*** Opening Supplied entries ***

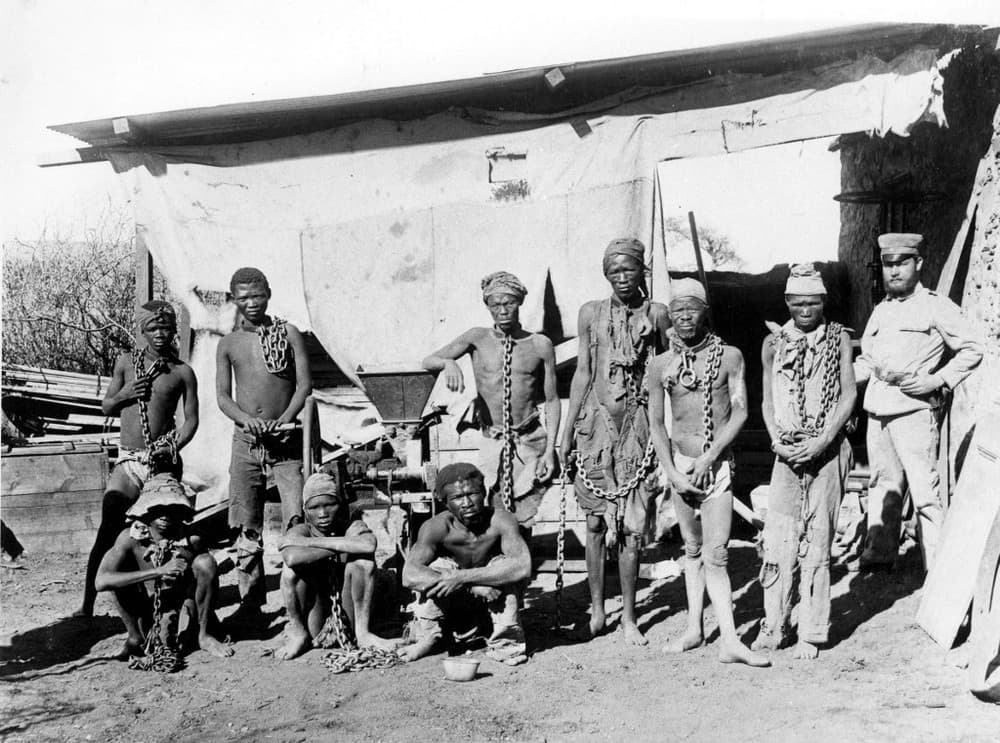 Alemanha reconhece que cometeu genocídio na Namíbia
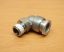 SMC KQB2L08-01S pneumatikus 90°-os fém push-in gyorscsatlakozó, 8mm csőhöz, R1/8" kúpos külső menet, SMC KQB2L08-01S pneumatikus 90°-os fém push-in gyorscsatlakozó, 8mm csőhöz, R1/8" kúpos külső menet,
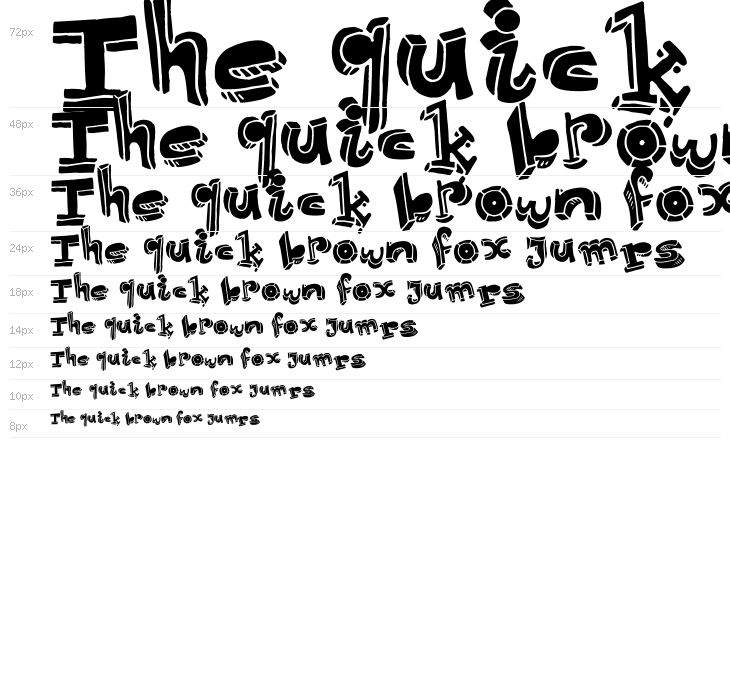 Strokeless Waterfall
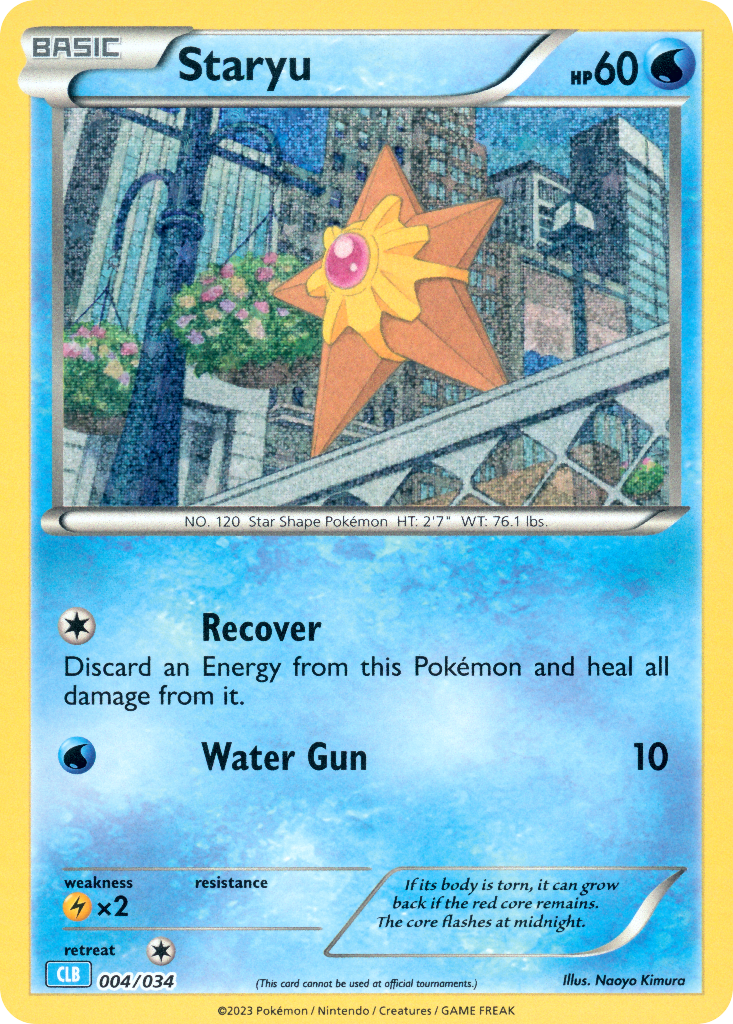 Staryu - 004/34 - EN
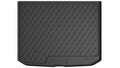 Vasca baule su misura in gomma sintetica - compatibile per Audi A3 Sportback (11/12>04/20) baule alto, con ruota di scorta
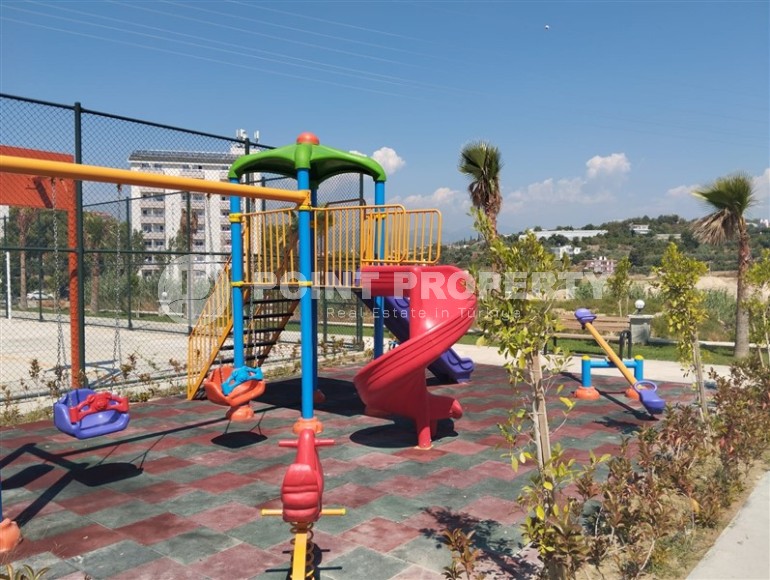 Новая квартира с чистовой отделкой в километре от моря, в районе Авсаллар-id-6987-фото-14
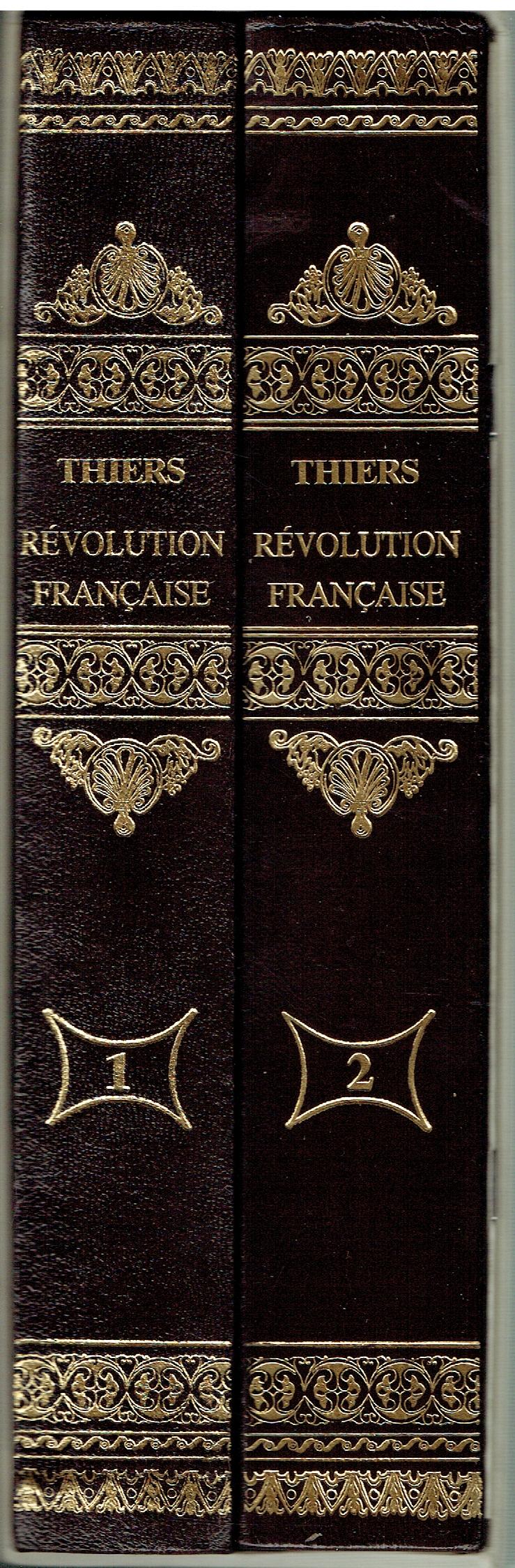Histoire de la Révolution française. 2 vv. in cofanetto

*** Closing Supplied entries ***

Task to carry out:
Your answer must be exactly the lines from the one containing "külső menet, SMC" through the last line of the records above, both included, with every picture left out.

Result of this exercise:
 SMC KQB2L08-01S pneumatikus 90°-os fém push-in gyorscsatlakozó, 8mm csőhöz, R1/8" kúpos külső menet, SMC KQB2L08-01S pneumatikus 90°-os fém push-in gyorscsatlakozó, 8mm csőhöz, R1/8" kúpos külső menet,
 Strokeless Waterfall
 Staryu - 004/34 - EN
 Vasca baule su misura in gomma sintetica - compatibile per Audi A3 Sportback (11/12>04/20) baule alto, con ruota di scorta
 Новая квартира с чистовой отделкой в километре от моря, в районе Авсаллар-id-6987-фото-14
Histoire de la Révolution française. 2 vv. in cofanetto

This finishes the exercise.